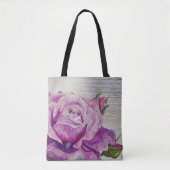 Tote Bag Bois rustique Aquarelle Rose violet (Devant)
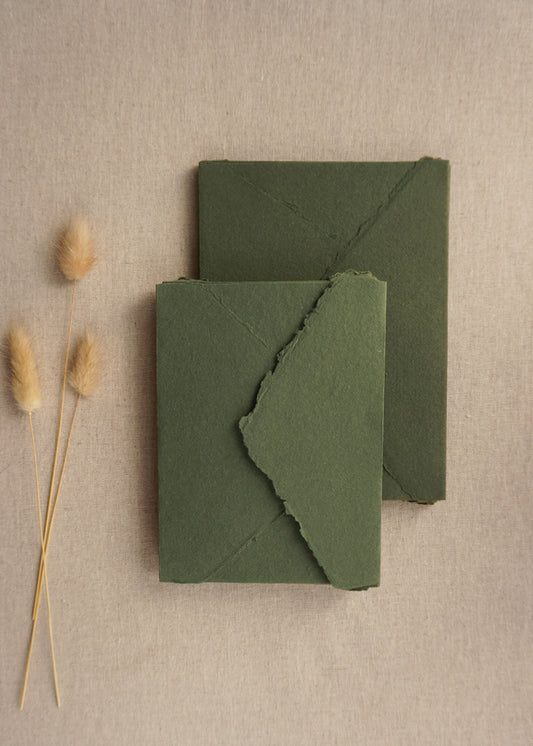 Forest Green Handmade Paper Envelopes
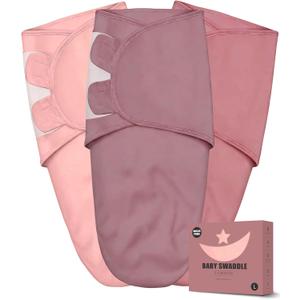 Newborn Swaddle Blanket Wrap 0-6 Months (3-Pack) - Adjustable Infant Sleep Sack, 100% Cotton Anti-Startle Soothing Sack, Soft Breathable Nursery Bedding - Dusty Rose + Pearl + Mauve (Light Pink, Mauve, and Dusty Purple), Large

» Aim of the task
Set down the data exactly as it appears, without any images.

» Answer section
 Tote Bag Bois rustique Aquarelle Rose violet (Devant)
 Forest Green Handmade Paper Envelopes
 Newborn Swaddle Blanket Wrap 0-6 Months (3-Pack) - Adjustable Infant Sleep Sack, 100% Cotton Anti-Startle Soothing Sack, Soft Breathable Nursery Bedding - Dusty Rose + Pearl + Mauve (Light Pink, Mauve, and Dusty Purple), Large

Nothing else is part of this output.